My morning with the director of Alcohol, Tobacco and Firearms
Published 6:00 am Sunday, October 15, 2017
By Terry Haller
When cigarettes started going out of style, R. J. Reynolds hired me to get it into product areas out of harm’s way.
We were thinking along food lines. We bought a Chinese food company called Chun King for $64 million. We were thinking a Mexican food company was next and I was reading up on it when the phone rang.
“They tell me you’re a sharp guy, are they right?” I don’t know the voice, but I know a Brooklyn accent when I hear it.
“Who’s this?” I ask.
“Manny, in Legal,” he says. “I’m a lawyer,” he adds, in case I’m slow. “I’m on 18. Can you come up?”
The whole eighteenth floor is Legal. Manny’s office has walnut paneling. Mine’s got cheap wallpaper.
“How’d you like to go to Washington with me tomorrow?” Manny asks.
“I think the cherry blossoms are over,” I quip. In advertising, we used humor as a management technique. It cloaked our furtive plans for seizing control of the company.
“Your little cigar’s got the nation’s capital in an uproar, especially at Alcohol, Tobacco and Firearms,” he says. A sheepskin on Manny’s wall says he’s up-to-snuff for cases in the Supreme Court. It looks like this guy is the real deal.
“You mean Winchester Little Cigars? Nothing to do with me,” I say. “I haven’t done anything on tobacco products in weeks.”
Little cigars are new to RJR. They’re tempting because of their high-profit margins. And that’s because, for some crazy reason I never understood, their excise tax was lower than cigarettes. (Maybe there was a strong Congressional cigar-smoking caucus.)
“ATF says people claim they’re cigarettes, not cigars. You’ve got to convince the boys at ATF otherwise,” Manny explains. “Otherwise, your little cigar is screwed.”
“Yeah, piece of cake,” I tell him. “But they’re not my little cigars!” I’m thinking it odd there’s a problem. Open a Winchester pack, and the damn cigar smell hits you between the eyes.

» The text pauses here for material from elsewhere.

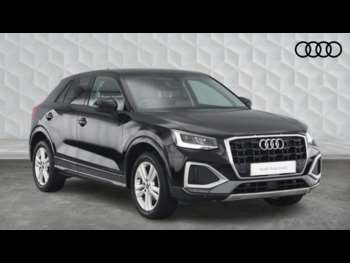 2021 - Sport 35 TFSI 150 PS 6-speed Manual 5-Door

It’s my first trip to DC. Manny’s an old hand here. “Let’s take a shortcut,” he says, and we go in the front door of the Smithsonian and out the back. Right across the street is the ATF building. “It’s where Eliot Ness once worked,” Manny tells me.
We are ushered into the director’s office. He has a big desk with two mounted American flags riding shotgun. He seems awfully young to be the head revenooer. My mind wanders. I see him chasing Robert Mitchum’s souped-up ’51 Ford through the back hills of Tennessee.
The director pushes a button, and a sheepish government clerk shuffles in through a side door. He forgets to say hello. The director introduces him as “Fred.” He says Fred runs the lab. Fred glares at us. He doesn’t want to be here.
“Fred, tell these gentlemen how you did your tests on their little cigar.”
This gets embarrassing. All Fred did was ask people to light up and tell him what they were smoking. Good enough for government work, maybe, but scientifically flawed.
“Fred, look, I don’t think you can test these things in a vacuum,” I explain as calmly as I can. “When we advertise them, we’re going to tell everybody they’re little cigars,” I say. “It’s often called the halo effect.”
The director is grinning. He’s enjoying this. Fred isn’t.
“If it’s a cigar, they should be able to tell,” Fred argues.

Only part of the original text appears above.